Project Abstract Triple-negative breast cancer (TNBC) is an aggressive and invasive breast cancer subtype, accounting for 10-15% of breast cancer diagnoses. TNBC affects African-American (AA) women three times more than Caucasian-American (CA) women. Metastasis to distant vital organs such as bone, liver, lung, and brain is the most devastating feature of TNBC in AA women. Tumor-derived exosomes are mediators of aggressive distant metastasis by contributing to the establishment of a pre-metastatic niche. Therefore, it is critical to investigate the molecular mechanism(s) that drive tumor-derived exosome-mediated immune modulation and pre- metastatic niche formation for aggressive metastasis in TNBC. Annexin A2 (AnxA2) is an often identified exosomal protein with elevated levels in TNBC patient sera and cell lines.

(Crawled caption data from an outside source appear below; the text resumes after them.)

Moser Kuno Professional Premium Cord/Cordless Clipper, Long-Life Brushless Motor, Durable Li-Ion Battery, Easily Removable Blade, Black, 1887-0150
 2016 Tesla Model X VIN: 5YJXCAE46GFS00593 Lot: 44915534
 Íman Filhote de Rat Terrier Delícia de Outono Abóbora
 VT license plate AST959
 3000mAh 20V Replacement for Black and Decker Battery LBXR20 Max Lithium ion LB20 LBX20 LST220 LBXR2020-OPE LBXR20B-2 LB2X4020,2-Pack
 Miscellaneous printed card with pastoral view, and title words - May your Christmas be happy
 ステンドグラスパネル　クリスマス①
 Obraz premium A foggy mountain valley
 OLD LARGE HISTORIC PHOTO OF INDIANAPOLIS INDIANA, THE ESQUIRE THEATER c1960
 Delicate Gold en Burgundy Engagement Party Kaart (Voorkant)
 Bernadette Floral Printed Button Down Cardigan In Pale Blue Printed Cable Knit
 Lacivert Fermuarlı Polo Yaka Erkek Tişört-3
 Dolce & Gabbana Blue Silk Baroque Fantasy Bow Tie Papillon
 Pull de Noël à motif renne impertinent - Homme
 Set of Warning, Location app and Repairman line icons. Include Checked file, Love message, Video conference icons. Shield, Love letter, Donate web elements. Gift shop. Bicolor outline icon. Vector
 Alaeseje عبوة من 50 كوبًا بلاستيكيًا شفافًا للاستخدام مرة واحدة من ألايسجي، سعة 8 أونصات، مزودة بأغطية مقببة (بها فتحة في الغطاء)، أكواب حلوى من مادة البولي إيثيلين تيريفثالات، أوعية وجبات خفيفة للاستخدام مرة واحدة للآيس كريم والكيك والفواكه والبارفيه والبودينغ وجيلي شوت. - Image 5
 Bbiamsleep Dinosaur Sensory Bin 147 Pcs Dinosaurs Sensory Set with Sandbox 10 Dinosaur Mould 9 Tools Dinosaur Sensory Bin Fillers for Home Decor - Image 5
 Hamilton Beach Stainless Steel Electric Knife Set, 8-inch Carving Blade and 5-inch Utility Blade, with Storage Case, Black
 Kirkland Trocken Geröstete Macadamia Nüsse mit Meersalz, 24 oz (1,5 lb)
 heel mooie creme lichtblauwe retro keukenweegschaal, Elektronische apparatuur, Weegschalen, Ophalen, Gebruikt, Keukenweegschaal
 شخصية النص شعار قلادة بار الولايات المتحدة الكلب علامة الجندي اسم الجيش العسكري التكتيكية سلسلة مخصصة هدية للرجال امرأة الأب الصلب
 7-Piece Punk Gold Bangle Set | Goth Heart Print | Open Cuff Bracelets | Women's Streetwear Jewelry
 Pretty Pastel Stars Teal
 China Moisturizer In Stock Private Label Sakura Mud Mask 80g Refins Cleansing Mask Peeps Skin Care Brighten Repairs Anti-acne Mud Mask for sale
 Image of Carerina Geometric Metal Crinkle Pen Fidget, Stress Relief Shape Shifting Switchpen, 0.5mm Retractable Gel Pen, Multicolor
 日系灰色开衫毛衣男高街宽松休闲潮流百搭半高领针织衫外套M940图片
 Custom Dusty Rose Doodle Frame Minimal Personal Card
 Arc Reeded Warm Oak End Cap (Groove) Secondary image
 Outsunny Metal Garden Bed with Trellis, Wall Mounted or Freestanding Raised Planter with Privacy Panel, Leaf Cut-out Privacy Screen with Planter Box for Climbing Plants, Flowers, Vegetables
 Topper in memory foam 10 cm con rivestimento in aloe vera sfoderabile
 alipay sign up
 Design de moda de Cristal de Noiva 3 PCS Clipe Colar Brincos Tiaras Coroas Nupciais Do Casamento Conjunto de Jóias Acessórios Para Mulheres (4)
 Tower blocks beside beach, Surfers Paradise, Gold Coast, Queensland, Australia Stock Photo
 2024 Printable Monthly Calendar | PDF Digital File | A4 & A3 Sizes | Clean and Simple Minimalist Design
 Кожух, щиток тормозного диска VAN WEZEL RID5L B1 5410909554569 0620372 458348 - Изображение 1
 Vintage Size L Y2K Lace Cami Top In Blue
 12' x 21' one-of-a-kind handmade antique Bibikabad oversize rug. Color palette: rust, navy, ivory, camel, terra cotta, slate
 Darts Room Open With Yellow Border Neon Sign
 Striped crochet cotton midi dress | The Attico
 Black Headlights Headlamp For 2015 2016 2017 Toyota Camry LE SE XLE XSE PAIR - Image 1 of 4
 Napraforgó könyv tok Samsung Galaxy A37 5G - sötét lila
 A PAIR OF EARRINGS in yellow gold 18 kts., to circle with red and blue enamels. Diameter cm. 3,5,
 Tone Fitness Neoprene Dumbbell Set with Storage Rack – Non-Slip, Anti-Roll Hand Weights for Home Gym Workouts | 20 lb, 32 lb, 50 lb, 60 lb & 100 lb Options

The higher expression of exosomal AnxA2 (exo-AnxA2) in serum samples is associated with poor overall survival and poor disease-free survival in breast cancer patients. In addition, the expression of serum exo-AnxA2 is significantly high in AA women with TNBC and promotes angiogenesis. Our data suggest a role for Exo-AnxA2 in establishing a pre- metastatic niche by immune modulation, which subsequently promotes TNBC metastasis. The goal of our research is to develop improved therapeutic options for TNBC. We hypothesize that high expression of Exo- AnxA2 plays a vital role in immune modulation at the pre-metastatic niche, thereby promoting TNBC metastasis. We will address this hypothesis by the following two specific aims: Aim 1: Determine the mechanism(s) that drive exo-AnxA2-mediated immune modulation and metastatic niche formation for aggressive metastasis in breast cancer. Aim 2: Determine the role of patient-derived exo-AnxA2 with measures of disease aggressiveness among racially distinct populations of TNBC patients using humanized mouse model system. We predict that high concentrations of exo-AnxA2 in the sera of TNBC patients will be shown to contribute to the aggressive biology of this disease, especially in AA women, by immune modulation at the pre-metastatic niche site.

项目摘要 三阴性乳腺癌（TNBC）是一种侵袭性和侵袭性乳腺癌亚型，占 10-15% 的乳腺癌诊断。 TNBC 对非裔美国 (AA) 女性的影响是女性的三倍 美国白人 (CA) 女性。远处重要器官（如骨、肝、肺、脑）的转移是 TNBC 对 AA 女性最具破坏性的特征。肿瘤来源的外泌体是侵袭性远处转移的介质 通过促进转移前生态位的建立来促进转移。因此，调查至关重要 驱动肿瘤源性外泌体介导的免疫调节和预免疫的分子机制 TNBC 侵袭性转移的转移生态位形成。膜联蛋白 A2 (AnxA2) 是一种经常被识别的 TNBC 患者血清和细胞系中外泌体蛋白水平升高。外泌体表达量较高 血清样本中的 AnxA2 (exo-AnxA2) 与较差的总生存率和较差的无病生存率相关 在乳腺癌患者中。此外，AA女性血清中exo-AnxA2的表达显着升高 与 TNBC 结合并促进血管生成。我们的数据表明 Exo-AnxA2 在建立预- 通过免疫调节形成转移生态位，随后促进 TNBC 转移。我们的目标 研究的目的是开发改进的 TNBC 治疗方案。我们假设Exo-的高表达 AnxA2 在转移前生态位的免疫调节中发挥着至关重要的作用，从而促进 TNBC 转移。我们将通过以下两个具体目标来解决这一假设： 目标 1：确定 驱动 exo-AnxA2 介导的免疫调节和转移生态位形成的机制 乳腺癌的侵袭性转移。目标 2：确定患者来源的 exo-AnxA2 的作用 使用人源化方法测量 TNBC 患者不同种族群体中的疾病侵袭性 小鼠模型系统。我们预测 TNBC 患者血清中的高浓度 exo-AnxA2 将 研究表明，通过免疫调节，尤其是在 AA 女性中，该疾病会导致这种疾病的侵袭性生物学 在转移前的利基位点。